Co-administration of finasteride and the pure anti-oestrogen ICI 182,780 act synergistically in modulating the IGF system in rat prostate

• Published in: Journal of endocrinology Vol. 171; no. 1; pp. 109 - 118
• Main Authors: Huynh, H, Alpert, L, Alaoui-Jamali, MA, Ng, CY, Chan, TW
• Format: Journal Article
• Language: English
• Published: Colchester BioScientifica 01.10.2001; Portland Press
• Subjects: 5-alpha Reductase Inhibitors; Animals; Biological and medical sciences; Blotting, Northern - methods; Cell Division - drug effects; Drug Synergism; Enzyme Inhibitors - pharmacology; Epithelial Cells - drug effects; Estradiol - analogs & derivatives; Estradiol - pharmacology; Estrogen Antagonists - pharmacology; Finasteride - pharmacology; Fulvestrant; Hormones.
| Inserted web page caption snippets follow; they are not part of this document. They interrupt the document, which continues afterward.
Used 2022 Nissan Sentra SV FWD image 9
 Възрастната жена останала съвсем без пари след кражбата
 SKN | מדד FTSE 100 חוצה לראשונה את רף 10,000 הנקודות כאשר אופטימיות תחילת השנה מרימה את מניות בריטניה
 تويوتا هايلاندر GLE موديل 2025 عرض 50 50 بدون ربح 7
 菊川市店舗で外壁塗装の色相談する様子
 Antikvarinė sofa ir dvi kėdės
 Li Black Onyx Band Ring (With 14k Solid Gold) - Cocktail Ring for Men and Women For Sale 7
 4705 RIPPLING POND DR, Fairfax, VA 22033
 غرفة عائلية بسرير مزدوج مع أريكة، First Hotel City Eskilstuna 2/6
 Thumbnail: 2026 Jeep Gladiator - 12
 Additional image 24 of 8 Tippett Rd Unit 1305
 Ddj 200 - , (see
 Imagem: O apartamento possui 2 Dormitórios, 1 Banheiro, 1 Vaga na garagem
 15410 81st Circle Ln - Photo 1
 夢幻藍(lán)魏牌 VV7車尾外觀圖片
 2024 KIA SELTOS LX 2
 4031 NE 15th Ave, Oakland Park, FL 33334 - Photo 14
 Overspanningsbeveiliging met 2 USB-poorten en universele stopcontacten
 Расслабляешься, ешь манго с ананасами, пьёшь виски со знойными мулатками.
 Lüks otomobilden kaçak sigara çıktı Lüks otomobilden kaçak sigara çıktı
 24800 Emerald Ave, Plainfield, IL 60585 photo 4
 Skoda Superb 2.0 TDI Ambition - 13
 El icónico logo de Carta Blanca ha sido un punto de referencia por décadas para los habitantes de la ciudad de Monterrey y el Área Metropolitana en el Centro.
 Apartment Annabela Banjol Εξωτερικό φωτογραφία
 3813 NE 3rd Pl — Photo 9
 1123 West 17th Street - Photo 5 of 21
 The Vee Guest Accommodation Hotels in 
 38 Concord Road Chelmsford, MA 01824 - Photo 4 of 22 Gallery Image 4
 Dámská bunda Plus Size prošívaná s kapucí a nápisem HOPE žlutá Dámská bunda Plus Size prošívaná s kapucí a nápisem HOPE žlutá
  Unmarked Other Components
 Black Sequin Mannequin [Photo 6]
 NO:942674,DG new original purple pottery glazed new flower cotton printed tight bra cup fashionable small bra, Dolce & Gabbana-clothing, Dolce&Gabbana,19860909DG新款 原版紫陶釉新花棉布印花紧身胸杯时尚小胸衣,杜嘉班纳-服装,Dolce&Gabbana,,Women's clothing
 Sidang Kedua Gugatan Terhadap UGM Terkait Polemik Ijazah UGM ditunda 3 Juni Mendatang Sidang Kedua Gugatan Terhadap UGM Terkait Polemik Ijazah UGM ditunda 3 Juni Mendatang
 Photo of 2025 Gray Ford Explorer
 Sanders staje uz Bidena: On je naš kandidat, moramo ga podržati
Endocrine system; Insulin-Like Growth Factor Binding Protein 3 - metabolism; Insulin-Like Growth Factor I - metabolism; Male; Medical sciences; Organ Size - drug effects; Pharmacology. Drug treatments; Phosphorylation; Prostate - anatomy & histology; Prostate - drug effects; Prostate - metabolism; Protein-Serine-Threonine Kinases; Proto-Oncogene Proteins - metabolism; Proto-Oncogene Proteins c-akt; Rats; Receptor, IGF Type 1 - metabolism; Statistics, Nonparametric; Drug combination; Finasteride; Rat; Rodentia; Antiestrogen; Antiandrogen; Antihormone; Azasteroid; Biological activity; Vertebrata; Insulin like growth factor; Mammalia; Animal; Urogenital system; Prostate
• ISSN: 0022-0795; 1479-6805
• DOI: 10.1677/joe.0.1710109

Prostate cancer is the most diagnosed invasive malignancy in males. Androgens and oestrogens have been implicated in the pathogenesis of prostate cancer. We report herein that the pure anti-oestrogen ICI 182,780 (ICI) reduces Ki-67 labelling index and IGF-I receptor levels in rat prostate. Increase of IGF-I mRNA and IGF-binding protein 3 (IGFBP-3) accumulation occur without any effect on prostate weight. Finasteride significantly decreases prostate weight and inhibits IGF-I gene expression. IGFBP-3 mRNA, Akt and phospho-Akt are not affected by finasteride. Co-administration of ICI plus finasteride reduces prostate weight by approximately 50% and causes acinar dilation with decreased luminal epithelial cell thickness. The acinar epithelial cells became atrophic and inactive with minimal cytoplasm. We also demonstrate a synergistic effect of ICI and finasteride on induction of IGFBP-3 accumulation and inhibition of Akt phosphorylation. Because the IGF and IGFBP-3 system plays an important role in prostate epithelial cell proliferation, apoptosis and tumour progression, the inhibitory effects of finasteride and ICI on IGF system may contribute to their anti-proliferative activity. These observations support a potential use of ICI in conjunction with finasteride in the prevention and/or treatment of prostate cancer.